Firstly, according to the physical and chemical properties of the object to be measured, and the substrate of the sample, the fixed phase with strong retention ability should be selected. If the object to be tested has a negative charge, anion exchange packing can be used; otherwise, cation exchange packing can be used. If it is a neutral substance to be measured, it can be extracted with reverse phase packing. The size and specification of the SPE cartridge or membrane should depend on the concentration of the sample to be measured. For in vivo samples with low concentration, less fixed phase filler should be used to extract larger volume samples.
2. The activation Before extraction, rinse the cartridge with a solvent filled with the cartridge or rinse the filter membrane with 5 ~ 10ml solvent. Generally, methanol and other water can be used first. The soluble organic solvent rinses the filler because methanol wets the adsorbent surface and penetrates the non-polar silica gel bonding phase, making the silica gel easier. Wet with water, then rinse with water or buffer. Before sample addition, SPE packing should be kept moist. If the packing is dry, the sample retention value will be reduced. However, the different drying degree of each cartridge will affect the reproducibility of the recovery rate.

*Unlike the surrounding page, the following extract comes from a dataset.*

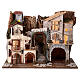Village with staircase, lights and stable Nativity scenes 8 cm s1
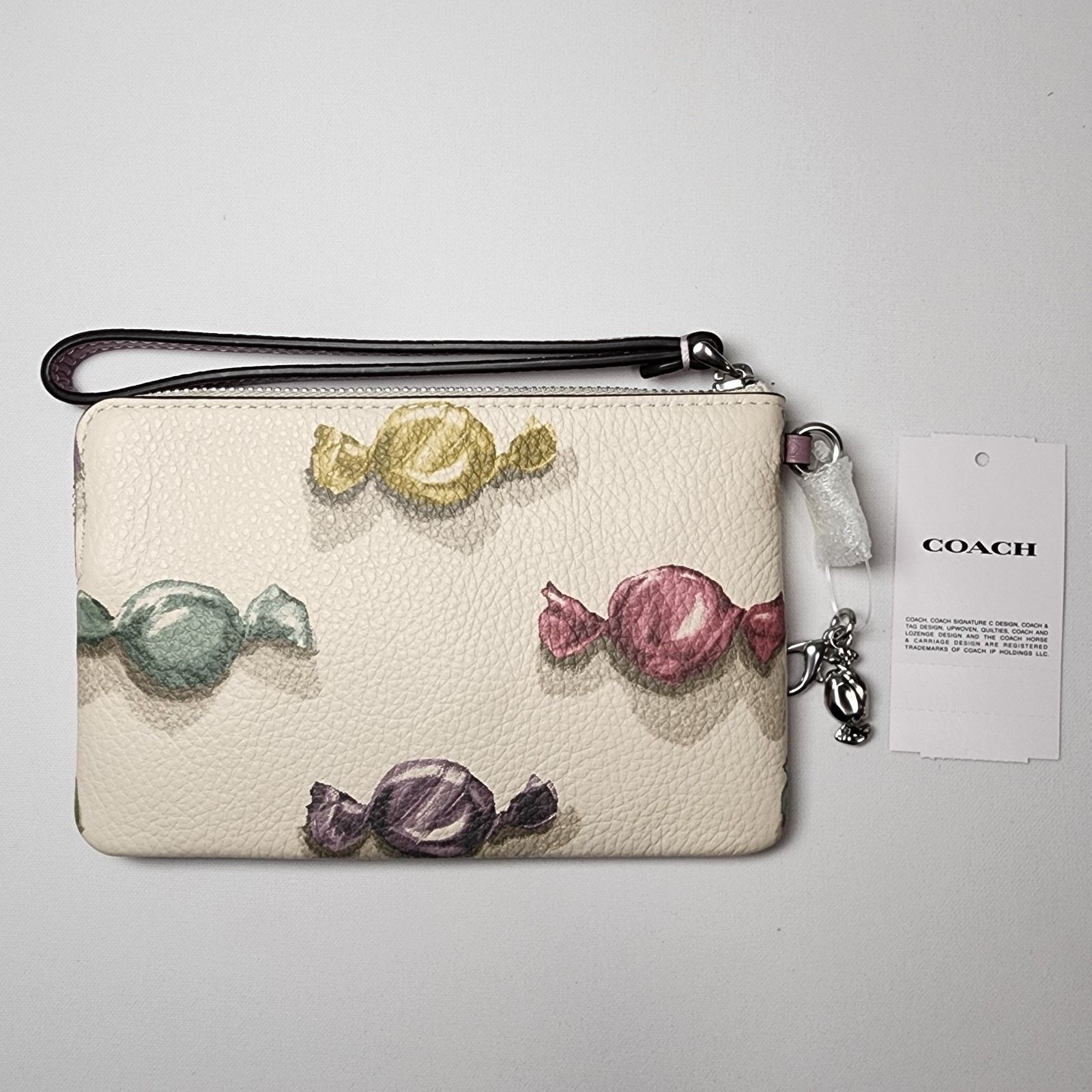 Coach COACH CDF34 Corner Zip Wristlet Candy Charm Chalk/Jasmine V2 Size ONE SIZE - 3 Thumbnail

3. On the sample Generally, the following measures can be taken: (1) using 0.1mol/L acid or base regulation, pH<3 or pH>9. Centrifugal extraction of upper liquid;(2) the protein was precipitated with methanol, acetonitrile, etc., then the supernatant was taken and diluted with water or buffer solution for extraction;(3) the supernatant was taken after the protein was precipitated with acid or inorganic salt, and the pH value was adjusted for extraction;(4) after ultrasound for 15min, add water and buffer solution, and extract with supernatant. The drug concentration in the urine sample is relatively high. Before adding the sample, dilute with water or buffer solution. When necessary, acid and alkali hydrolysis reaction can be used to destroy the combination of drug and protein, and then extract. The flow rate should be controlled to 1ml/min, and the fast flow rate is not conducive to the combination of the object to be measured and fixation.
4. The elution The cleaning solvent of reversed-phase SPE is mostly water or buffer solution. A small amount of organic solvent, inorganic salt, or pH value can be added into the cleaning solution. The cleaning fluid added to the cartridge should not exceed the volume of one cartridge, and the SPE filter membrane is 5 ~ 10ml.
5. Elute the object under test 5 ~ 10ml eluent with weak ionic strength but capable of washing the substance to be measured should be selected. If higher sensitivity is required, the eluent can be dried before the mobile phase recombined residue is injected. In vivo samples, after elution contains more water, can choose the freeze-drying method. The SPE filler with weak retention ability can be washed with small volume and weak eluent, and then the eluent can be analyzed by the HPLC cartridge with strong polarities, such as C18 SPE cartridge.
If the substance to be measured can be ionized, the pH value can be adjusted to inhibit the sample ionization, so as to enhance the retention of the substance to be measured in the reverse SPE filler. During elution, the pH value can be adjusted to ionize the substance and elute it with a weak solvent. After collecting the eluent, the pH value can be adjusted to achieve the best separation effect in the HPLC analysis. In the process of elution, the flow rate should be slowed down, two small volume elution instead of a large volume elution, the recovery rate is higher.